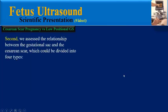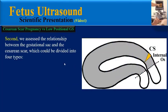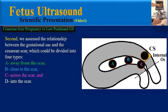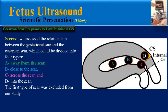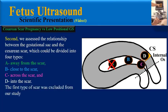In the second step, we assess the relationship between the gestational sac and the caesarean scar, which could be divided into four types: away from the scar, close to the scar, across the scar, and into the scar. Of course, in the first type — away from the scar — no further evaluation is needed.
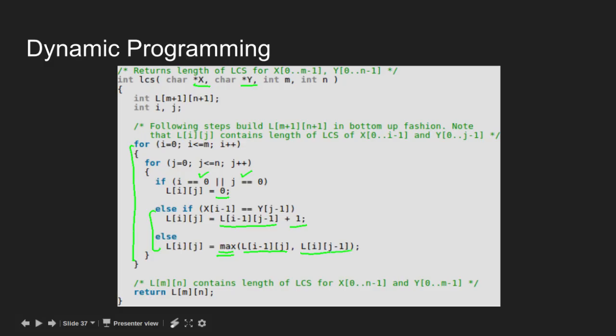At last, we return L[m][n] which is the final value of the length of subsequence.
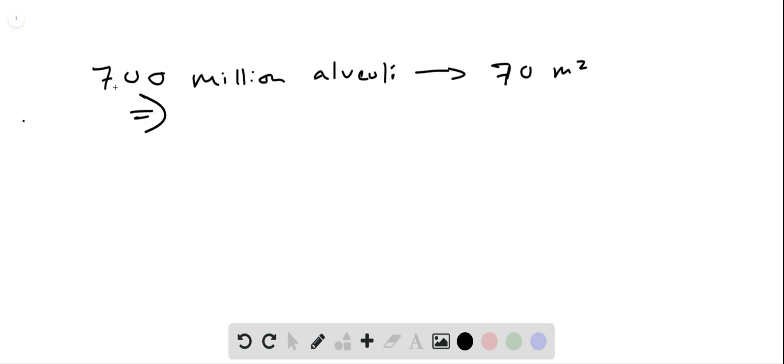So this implies, we divide both sides by 70, this implies that 10 million alveoli correspond to a surface area of one square meter.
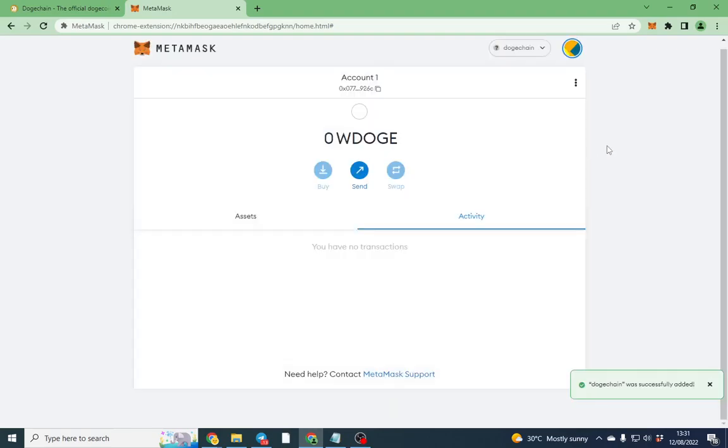That's pretty much it. All you need to do is bridge over, which I'm going to make a video on shortly, and then you'll be able to use and purchase Doge Chain tokens.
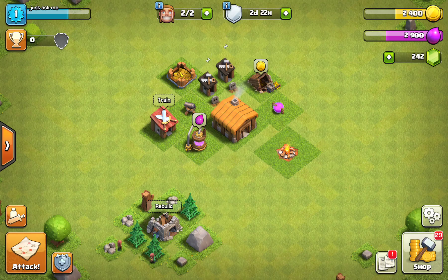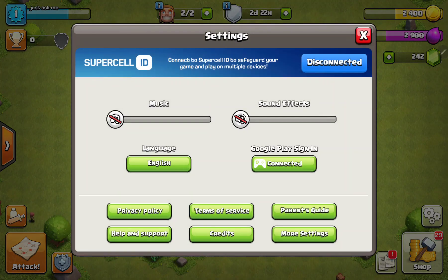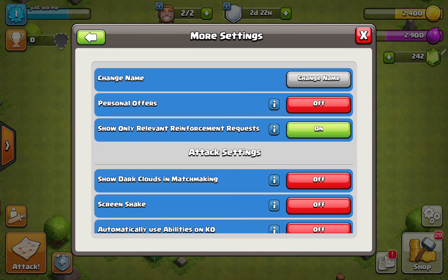Click the settings icon at the lower right corner of the screen and click the more settings button. Here you can find the third option — show only relevant reinforcement requests. If you want to turn it off, just click the on button.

=====

Assignment: From the first line of the entries above through the line with "So this implies, we", set down each line exactly and drop the pictures.

Answer section:
In the second step, we assess the relationship between the gestational sac and the caesarean scar, which could be divided into four types: away from the scar, close to the scar, across the scar, and into the scar. Of course, in the first type — away from the scar — no further evaluation is needed.
At last, we return L[m][n] which is the final value of the length of subsequence.
So this implies, we divide both sides by 70, this implies that 10 million alveoli correspond to a surface area of one square meter.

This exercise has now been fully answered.